DESCRIPTION OF ATTACHED APPENDIX

Not Applicable.

BACKGROUND

The present disclosure relates to the use of one or more ion beams to prepare materials for microscopic observation or spectroscopic analysis. Microscopic observational techniques include, but are not limited to, optical microscopy, scanning electron microscopy (SEM), transmission electron microscopy (TEM), scanning transmission electron microscopy (STEM), reflection electron microscopy (REM). Spectroscopic analysis techniques include, but are not limited to, x-ray micro-analysis, reflection electron energy-loss spectroscopy (REELS), electron back-scattered diffraction (EBSD), x-ray photoelectron spectroscopy (XPS), and Auger electron spectroscopy (AES). Materials to be viewed under any microscopic technique may require processing to produce a sample suitable for microscopic examination.

Ion beam milling of a material can produce samples that are well suited for microscopic examination. An ion beam irradiating device may generate, accelerate, and direct a beam of ions toward a sample. The impact of ions on the sample sputters material away from the area of ion impact. Furthermore, the sample surface may be polished by the ion beam to a substantially smooth condition further enhancing observational properties of the sample. Regions of interest in the sample may be exposed and polished by the use of ion beams thus making a suitable observational sample from the material under investigation.

Broad Ion Beam Slope-Cutting (BIBSC), also known as cross section cutting using broad ion beam sources or cross section polishing using broad ion beam sources, is a rapid method for removing sample material to expose a smooth and substantially artifact-free cross-sectional surface for ultimate analysis by various microscopies and spectroscopies. A notable advantage of the BIBSC technique is high rates of surface preparation that can exceed tens or hundreds or thousands of square microns per hour, often over sample milling times of tens or hundreds of minutes.

Important considerations to users of the BIBSC technique include: reducing or minimizing the effort and time that the user is occupied in processing the sample; reducing or minimizing the number of steps where delicate samples are directly handled and at risk for damage, such as during mounting to sample holders for processing or analysis; reducing or minimizing the time and effort the user is occupied transferring the sample into the ultimate analysis equipment (imaging or spectroscopy), and aligning the coordinates of the prepared sample region to the ultimate analysis equipment prior to analysis; ensuring high quality and high probability of success in processing and imaging the sample; reducing or minimizing the time that the BIBSC ion milling equipment and sample mounting equipment are occupied for each sample; and ensuring high-quality microscopy observation of the sample during sample mounting and ultimate analysis by reducing the working distance required between the sample and the objective or probe-forming lens used for observation.

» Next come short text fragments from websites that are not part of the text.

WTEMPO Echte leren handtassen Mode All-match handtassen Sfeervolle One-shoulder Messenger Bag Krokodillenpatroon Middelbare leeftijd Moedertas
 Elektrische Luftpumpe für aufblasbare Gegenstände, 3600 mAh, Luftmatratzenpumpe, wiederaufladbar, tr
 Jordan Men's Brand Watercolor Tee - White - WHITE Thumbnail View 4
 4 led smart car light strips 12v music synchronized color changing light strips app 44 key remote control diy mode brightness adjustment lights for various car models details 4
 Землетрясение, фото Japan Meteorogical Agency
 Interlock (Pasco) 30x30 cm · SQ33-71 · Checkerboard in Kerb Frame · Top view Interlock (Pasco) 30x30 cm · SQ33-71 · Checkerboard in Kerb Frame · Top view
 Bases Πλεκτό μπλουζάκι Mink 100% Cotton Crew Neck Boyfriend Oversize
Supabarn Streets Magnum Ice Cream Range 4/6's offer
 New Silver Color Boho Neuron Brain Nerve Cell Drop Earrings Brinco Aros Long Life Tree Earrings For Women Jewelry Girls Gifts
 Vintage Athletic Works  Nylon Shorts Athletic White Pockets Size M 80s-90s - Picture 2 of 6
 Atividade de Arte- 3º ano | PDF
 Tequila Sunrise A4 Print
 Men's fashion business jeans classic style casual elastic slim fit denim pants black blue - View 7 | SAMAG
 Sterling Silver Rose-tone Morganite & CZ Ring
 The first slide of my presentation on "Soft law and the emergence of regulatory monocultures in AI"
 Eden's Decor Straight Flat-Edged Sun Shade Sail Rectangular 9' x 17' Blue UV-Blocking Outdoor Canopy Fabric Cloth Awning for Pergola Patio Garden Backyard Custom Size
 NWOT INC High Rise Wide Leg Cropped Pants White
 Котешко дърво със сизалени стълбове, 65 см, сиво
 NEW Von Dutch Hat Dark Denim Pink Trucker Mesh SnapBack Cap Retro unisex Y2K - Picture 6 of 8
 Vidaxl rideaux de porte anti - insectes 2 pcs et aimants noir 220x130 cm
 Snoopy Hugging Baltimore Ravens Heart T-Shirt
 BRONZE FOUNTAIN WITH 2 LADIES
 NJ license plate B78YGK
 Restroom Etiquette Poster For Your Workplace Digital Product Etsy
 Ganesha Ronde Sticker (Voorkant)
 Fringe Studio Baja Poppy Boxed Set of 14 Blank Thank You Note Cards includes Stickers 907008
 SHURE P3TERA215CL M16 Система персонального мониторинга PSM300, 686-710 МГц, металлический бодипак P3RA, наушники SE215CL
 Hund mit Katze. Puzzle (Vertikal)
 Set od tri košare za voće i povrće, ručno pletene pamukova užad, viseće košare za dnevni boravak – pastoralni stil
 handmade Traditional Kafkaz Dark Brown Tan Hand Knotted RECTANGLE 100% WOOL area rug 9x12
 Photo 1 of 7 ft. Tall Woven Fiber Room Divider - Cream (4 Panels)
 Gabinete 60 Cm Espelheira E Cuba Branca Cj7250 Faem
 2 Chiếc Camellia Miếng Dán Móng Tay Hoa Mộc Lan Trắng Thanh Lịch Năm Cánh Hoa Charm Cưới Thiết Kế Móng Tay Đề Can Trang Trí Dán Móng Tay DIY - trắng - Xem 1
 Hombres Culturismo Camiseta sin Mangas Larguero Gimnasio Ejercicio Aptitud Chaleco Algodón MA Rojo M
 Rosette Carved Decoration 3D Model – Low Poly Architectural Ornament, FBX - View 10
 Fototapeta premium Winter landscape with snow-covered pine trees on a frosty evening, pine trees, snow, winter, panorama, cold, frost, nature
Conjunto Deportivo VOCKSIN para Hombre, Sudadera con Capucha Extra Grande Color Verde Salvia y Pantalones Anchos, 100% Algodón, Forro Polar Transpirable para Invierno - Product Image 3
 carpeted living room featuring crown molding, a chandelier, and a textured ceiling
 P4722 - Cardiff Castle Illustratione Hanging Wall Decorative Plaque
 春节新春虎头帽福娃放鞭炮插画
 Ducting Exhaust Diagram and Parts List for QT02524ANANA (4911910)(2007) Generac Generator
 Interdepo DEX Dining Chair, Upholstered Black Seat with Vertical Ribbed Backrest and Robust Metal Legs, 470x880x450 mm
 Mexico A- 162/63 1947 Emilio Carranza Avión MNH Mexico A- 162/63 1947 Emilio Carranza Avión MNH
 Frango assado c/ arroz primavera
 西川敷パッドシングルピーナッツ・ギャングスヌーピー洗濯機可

A sample that has been prepared in the ion beam may be evaluated by various methods to determine if the region of interest has been adequately exposed and prepared for observation. It may happen that the region of interest in the sample has not been adequately exposed or prepared. Embodiments of the present disclosure address this common situation. Embodiments of the present disclosure teach methods and apparatus for repeatably positioning a sample within an ion beam sample preparation apparatus thereby facilitating accurate processing and reprocessing of a sample. Further embodiments of the present disclosure teach methods and apparatus for preparing the sample using a tilting ion beam, making use of controlled ion beam tilt angle to expose regions of interest in the sample. Further embodiments of the present disclosure teach methods and apparatus for rotating the sample during preparation using a tilting ion beam, thereby achieving a more consistent and more desirable surface for later observation.

In consideration of the foregoing points, it is clear that embodiments of the present disclosure confer numerous advantages and are therefore highly desirable.

SUMMARY

The present disclosure is directed to ion beam sample preparation apparatus and methods for using the disclosed apparatus to prepare samples for later observation. The apparatus has features to quickly and repeatably retain and release both unprepared samples and prepared samples thereby facilitating preparation of samples in the ion beam apparatus and also facilitating the observation of the prepared samples in an observation apparatus. Features of the disclosure enable accurate and repeatable positioning of the sample both within the ion beam sample preparation apparatus and also within observation apparatus later used for observing prepared samples. Tilting ion beam features of the present disclosure allow additional flexibility in exposing regions of interest in the sample. Tilting ion beam features allow the sample to be prepared by the ion beam using more than one tilt angle of the ion beam. A previously prepared sample may be replaced in the apparatus and then prepared using a different tilt angle of the ion beam thereby exposing and preparing a different region of the sample. Further features of the disclosure teach methods and apparatus for rotating the sample during preparation using a tilting ion beam thereby achieving a more consistent and more desirable surface for later observation.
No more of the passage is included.